The latest solutions are bigger trains, coming slightly more frequently, and ferry service. There are still dozens of buildings yet to be built downtown, not to mention in Newark and Harrison. Not nearly enough infrastructure will be available. So the future for those who dream of living near New York, will result in the nightmare of overcrowded trains. And for the late night and weekend traveler, infrequent trains with a Hoboken detour.
What is required is more PATH tubes. Even a walking tunnel would be helpful. We are open to anything, except this disappointing situation, which we have right now.
What is your ideas to solving this problem?
For as long as I remember, (I have lived in Jersey City for 19 years), the Powerhouse has been heralded as a Jersey City icon. However, it sits there as a symbol of government indecision. In 2009 Jersey City spent $3.4 million dollars stabilizing the building. They decided to paint parts of this classic brick building light blue and bright yellow. It looks like some modern art experiment gone bad.

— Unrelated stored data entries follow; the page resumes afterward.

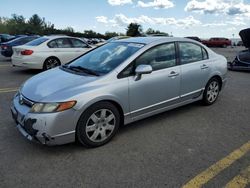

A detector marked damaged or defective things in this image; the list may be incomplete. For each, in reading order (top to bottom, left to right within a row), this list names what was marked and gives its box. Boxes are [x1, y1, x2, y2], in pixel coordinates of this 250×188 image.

damaged front bumper [10, 93, 78, 145] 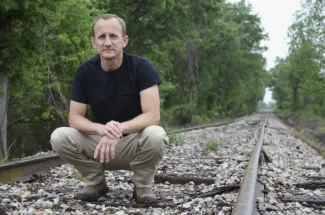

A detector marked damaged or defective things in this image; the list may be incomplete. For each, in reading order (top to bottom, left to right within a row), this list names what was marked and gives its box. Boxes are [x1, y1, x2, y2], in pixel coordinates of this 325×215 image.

rusted rail [230, 115, 266, 214] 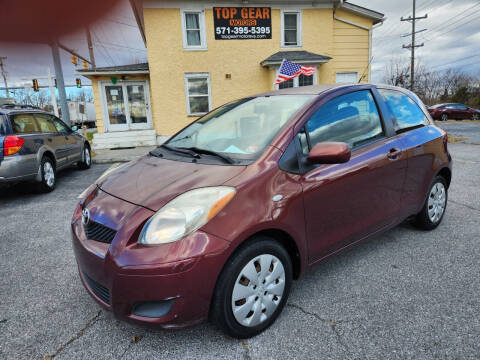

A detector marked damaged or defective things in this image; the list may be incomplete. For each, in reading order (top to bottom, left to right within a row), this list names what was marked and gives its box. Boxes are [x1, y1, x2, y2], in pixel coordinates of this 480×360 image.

cracked pavement [0, 140, 480, 358] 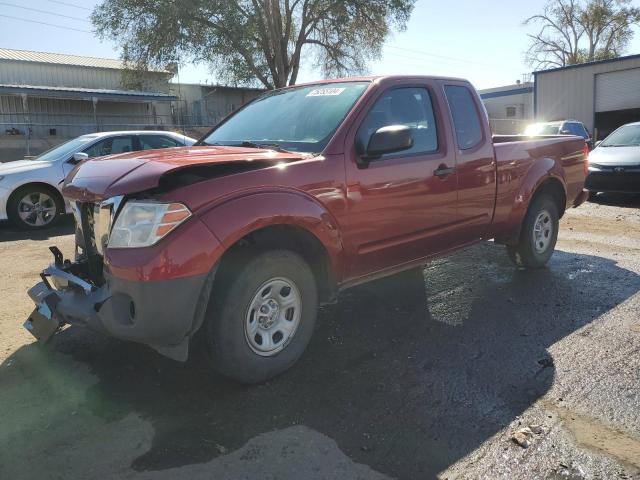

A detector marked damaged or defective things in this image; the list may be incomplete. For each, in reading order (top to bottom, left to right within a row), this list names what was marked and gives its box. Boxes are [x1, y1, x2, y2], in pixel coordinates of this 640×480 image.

crumpled hood [0, 158, 51, 175]
crumpled hood [63, 144, 310, 201]
crumpled hood [592, 145, 640, 166]
damaged front bumper [25, 249, 211, 358] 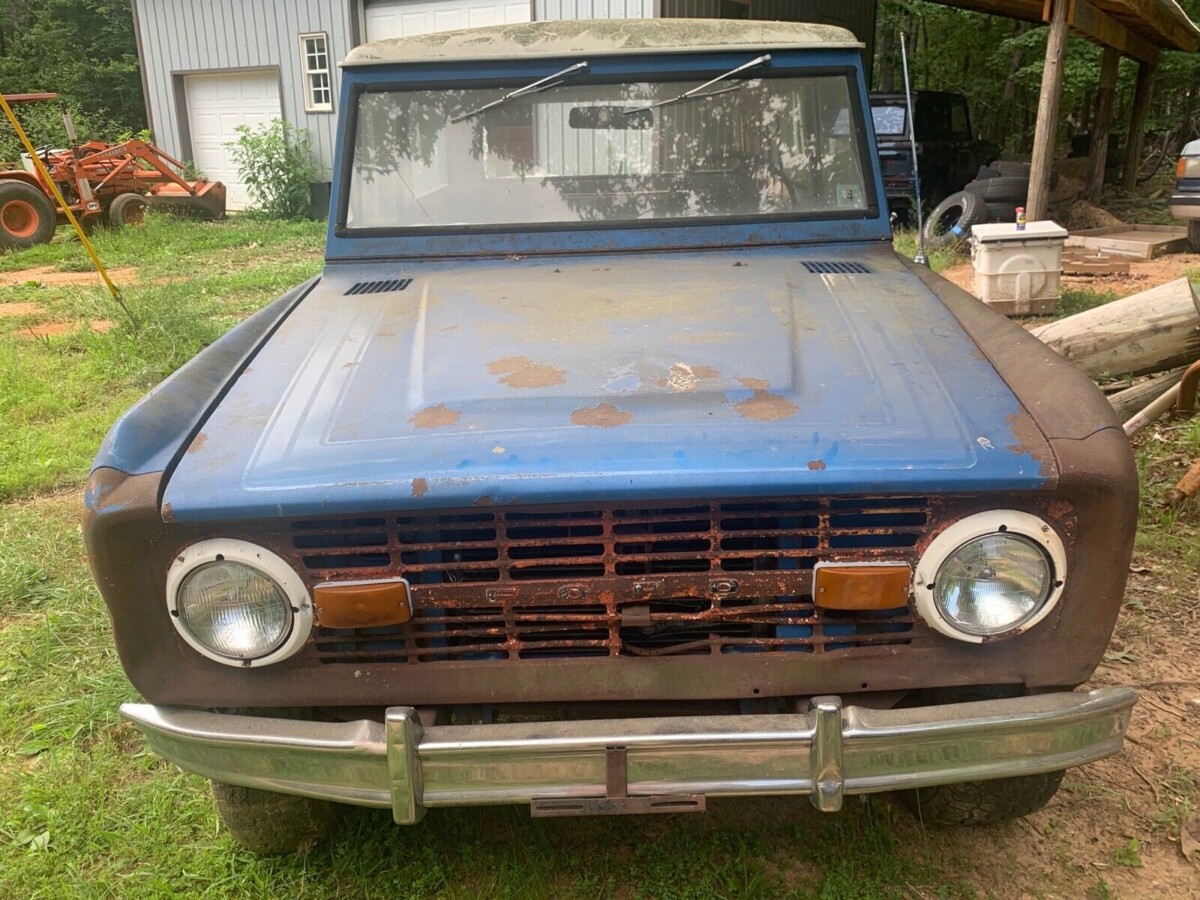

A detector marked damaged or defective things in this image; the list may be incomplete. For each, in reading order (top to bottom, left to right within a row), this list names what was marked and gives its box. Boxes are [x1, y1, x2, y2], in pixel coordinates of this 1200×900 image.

rust spot on hood [405, 405, 456, 429]
rust spot on hood [484, 355, 564, 388]
rust spot on hood [573, 403, 638, 427]
rusty hood paint [164, 243, 1056, 525]
rust spot on hood [729, 381, 796, 422]
rust spot on hood [1008, 410, 1056, 480]
rusty grille [288, 496, 926, 667]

So, as I understand it, the "dream" is to turn the building into some sort of performing art center or maybe have the outside maintained while the inside is a residential building. No one has a clue what to do and the costs to do it will be at least $40 million. The other complication is Port Authority owns half. The solution some would like to see is for the city to take full ownership of the powerhouse and give Port Authority our green space, the triangle, to build an office building. I think that now that this has become a residential area, and we lack green space, perhaps that would not be a good idea.
So this is where we stand and we need someone to stand up. We need the Councilperson in Ward E to take charge. The 2009 stabilization bought the powerhouse a few more years and that time is ending quickly. $3.4 million wasted. I believe if there isn't an immediate solution coming, let's salvage a green space in the triangle. It's time that the neighbor with the ugly house and poorly maintained lawn with the broken fence step up.

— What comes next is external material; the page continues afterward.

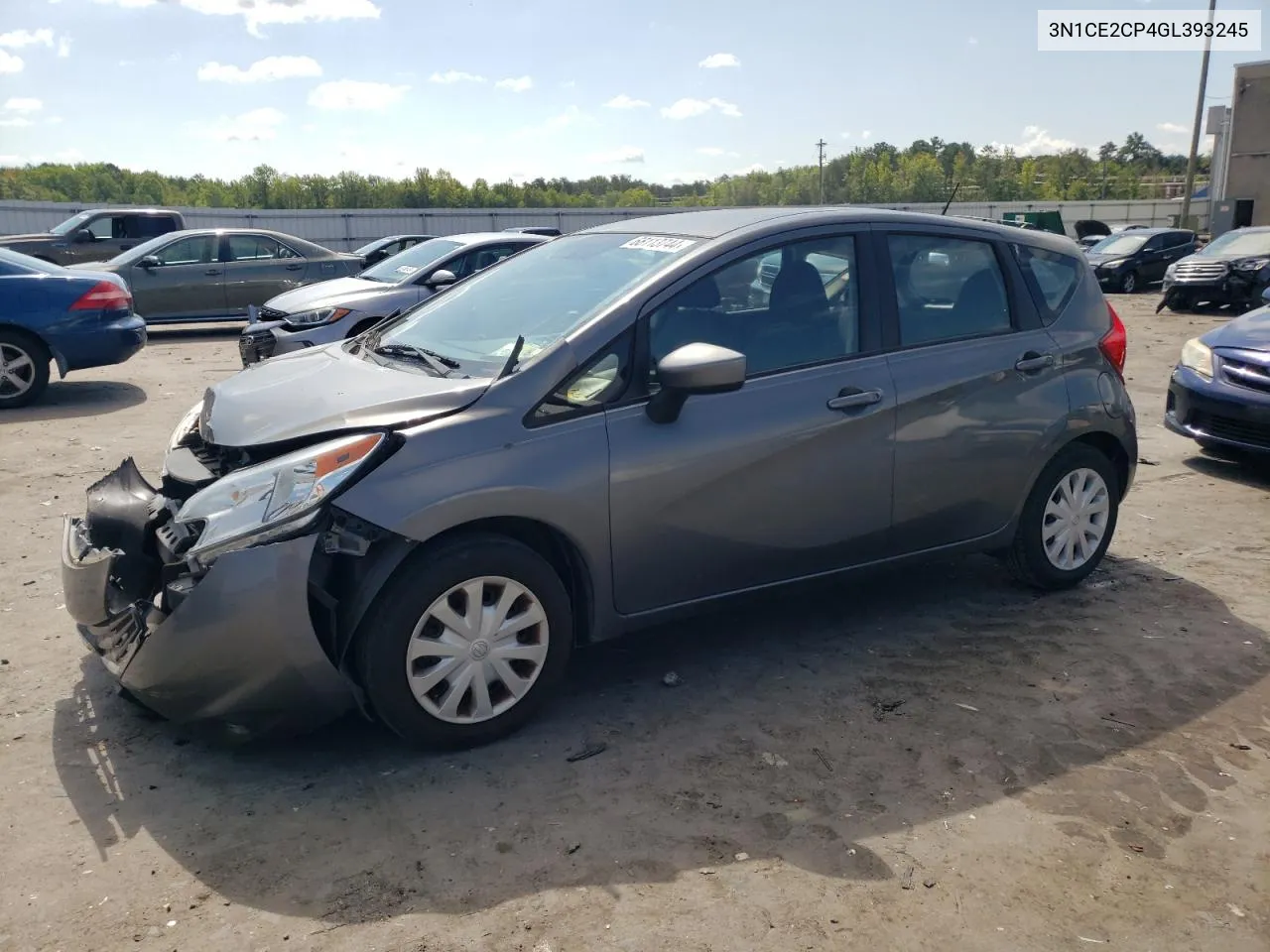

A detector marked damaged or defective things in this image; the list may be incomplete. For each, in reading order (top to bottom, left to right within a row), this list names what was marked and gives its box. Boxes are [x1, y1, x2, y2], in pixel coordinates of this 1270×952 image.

crumpled front bumper [60, 458, 355, 742]
broken headlight [175, 430, 387, 563]
damaged gray hatchback [60, 204, 1135, 746]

A few years ago I met with Joao D'Souza. He was the director of traffic and transportation maintenance. I pointed out how things are poorly laid out in the area. The lights are so badly synched on Washington, that it drives traffic to the side streets like Erie and Jersey Avenue. Also, the intersection outside here, on Washington, Greene and 2nd was badly designed. There literally is a turn lane from Washington that turns into parked cars. No kidding! The point is they did nothing.
I have since had to fight for necessary zoning in front of Portofino that we were promised. The unelected bureaucrats decided to back off their agreement and not respond to my emails. I had to literally address the city council and get the higher ups involved to finally get a simple request honored. This building has since been harassed about the zoning by those in the department. Also, they have done nothing to alleviate the problems on Washington. We need a strong advocate going forward who will be willing to take on bureaucrats and get things done.
How do you plan on dealing with career employees who feel emboldened to do what they want? And can we get the problems with this intersection, there are many, fixed?